# Paul Gasol is



## t1no (Jul 10, 2005)

asking for a trade.:clap:


----------



## mavsmania41 (Mar 27, 2005)

Would you even think the Mavs are even interested? I would think not. I think he ends up somewhere in the East.


----------



## Dre (Jun 20, 2003)

...We have Dirk. Is he really something we need at Center? And what do we deal for him?

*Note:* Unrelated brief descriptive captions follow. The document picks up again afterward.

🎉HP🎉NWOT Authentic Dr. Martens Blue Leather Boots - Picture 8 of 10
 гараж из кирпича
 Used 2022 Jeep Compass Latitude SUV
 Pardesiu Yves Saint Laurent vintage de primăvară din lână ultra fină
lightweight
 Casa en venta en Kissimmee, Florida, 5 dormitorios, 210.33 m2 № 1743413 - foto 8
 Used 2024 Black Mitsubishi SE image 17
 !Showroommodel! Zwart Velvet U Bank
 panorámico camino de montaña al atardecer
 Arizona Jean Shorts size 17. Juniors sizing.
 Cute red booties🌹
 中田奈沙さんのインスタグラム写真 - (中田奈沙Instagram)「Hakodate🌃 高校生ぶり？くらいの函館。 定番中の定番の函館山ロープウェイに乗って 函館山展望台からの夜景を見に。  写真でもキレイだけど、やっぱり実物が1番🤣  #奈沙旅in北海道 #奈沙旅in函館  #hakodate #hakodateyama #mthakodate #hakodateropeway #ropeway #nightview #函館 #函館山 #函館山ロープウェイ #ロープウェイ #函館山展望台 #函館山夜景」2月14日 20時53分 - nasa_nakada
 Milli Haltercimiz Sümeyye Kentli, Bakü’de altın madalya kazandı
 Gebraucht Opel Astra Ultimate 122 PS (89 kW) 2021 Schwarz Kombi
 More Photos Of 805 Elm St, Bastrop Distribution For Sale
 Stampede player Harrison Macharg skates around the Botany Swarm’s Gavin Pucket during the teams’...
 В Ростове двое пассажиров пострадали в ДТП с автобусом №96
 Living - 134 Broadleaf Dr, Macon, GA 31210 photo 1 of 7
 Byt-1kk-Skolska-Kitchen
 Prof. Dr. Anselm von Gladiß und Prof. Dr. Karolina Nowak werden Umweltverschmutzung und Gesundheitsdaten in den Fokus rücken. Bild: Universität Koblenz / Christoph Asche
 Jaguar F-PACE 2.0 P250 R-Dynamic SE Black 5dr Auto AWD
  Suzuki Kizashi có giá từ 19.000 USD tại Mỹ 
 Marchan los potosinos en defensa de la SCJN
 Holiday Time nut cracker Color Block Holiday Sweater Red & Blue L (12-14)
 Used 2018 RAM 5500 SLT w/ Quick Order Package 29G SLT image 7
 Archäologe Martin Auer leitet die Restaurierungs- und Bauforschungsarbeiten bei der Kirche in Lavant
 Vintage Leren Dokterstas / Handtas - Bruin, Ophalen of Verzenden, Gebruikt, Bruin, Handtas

I hope you're happy because he's leaving the division.


----------



## melo4life (Jun 5, 2006)

Gasol doesnt need to come to Dallas, we have an awesome lineup, and we wouldnt start Dirk off, and Damp is good starting center,, so i dont think that we need Gasol to play in Dallas... and plus we would have to give up at least 1 pretty good player which i dont think we would wanna do for Gasol who recently broke his ankle, so if we get him he could just injure himself again and it would be a waste of a trade for us


----------



## t1no (Jul 10, 2005)

At least we will have someone that is able to put a body on guys like Haslem.


----------



## Dre (Jun 20, 2003)

t1no said:


> At least we will have someone that is able to put a body on guys like Haslem.


We can sign a stooge for that, when you trade for Gasol, they're going to want a lot back that we might not be prepared to give up.


----------



## edwardcyh (Dec 13, 2005)

I'd give Cro for Gasol....



ok ok... if you twist my arm, i'll throw in Anthony Johnson too.


if that's not enough, i'd walk!


----------



## Dre (Jun 20, 2003)

*Jerry West buys Ed a lifetime supply of walking shoes*


----------



## edwardcyh (Dec 13, 2005)

_Dre_ said:


> *Jerry West buys Ed a lifetime supply of walking shoes*


:lol: 

I thought you were going to crack some "old" jokes, like....

lifetime supply of walkers.


----------



## melo4life (Jun 5, 2006)

:lol:


----------



## t1no (Jul 10, 2005)

I say we go for him, anybody but JHo and Dirk.


----------



## Dre (Jun 20, 2003)

t1no said:


> I say we go for him, anybody but JHo and Dirk.


Why? He doesn't fit into the offense at all. He's soft, he's not a center. He's not coming off the bench either. Why would we want him?


----------



## t1no (Jul 10, 2005)

_Dre_ said:


> Why? He doesn't fit into the offense at all. He's soft, he's not a center. He's not coming off the bench either. Why would we want him?


Why doesn't he fit into our offense? What makes you think he is soft? and he's not a center? so what... I don't think he will have any trouble playing center, just as long as we have a big guy in our bench to defend Yao and Shaq.

Uh oh.. i just checked nba.com and he is a center. 
http://www.nba.com/playerfile/pau_gasol/career_stats.html


----------



## Dre (Jun 20, 2003)

t1no said:


> Why doesn't he fit into our offense? What makes you think he is soft? and he's not a center? so what... I don't think he will have any trouble playing center, just as long as we have a big guy in our bench to defend Yao and Shaq.
> 
> Uh oh.. i just checked nba.com and he is a center.
> http://www.nba.com/playerfile/pau_gasol/career_stats.html


...You go to the Grizzlies board and ask if this guy is a *Center*. I'm against the move, but if you think it's fine, so be it.


----------



## edwardcyh (Dec 13, 2005)

This is like the debate on whether or not Dirk/Timmy/Amare is a #5.

Dirk/Timmy fans will swear by the fact that Dirk/Timmy can't play #5 well, but it doesn't change the fact that they DO play that position from time to time.

NBA fans will argue that Amare's better off as a #4, but Suns fans will never hesitate to call him a #5 because of their offensive scheme.

There is no right or wrong answer to either side. :whoknows:

.... but I do think Pau is a #4. :biggrin:


----------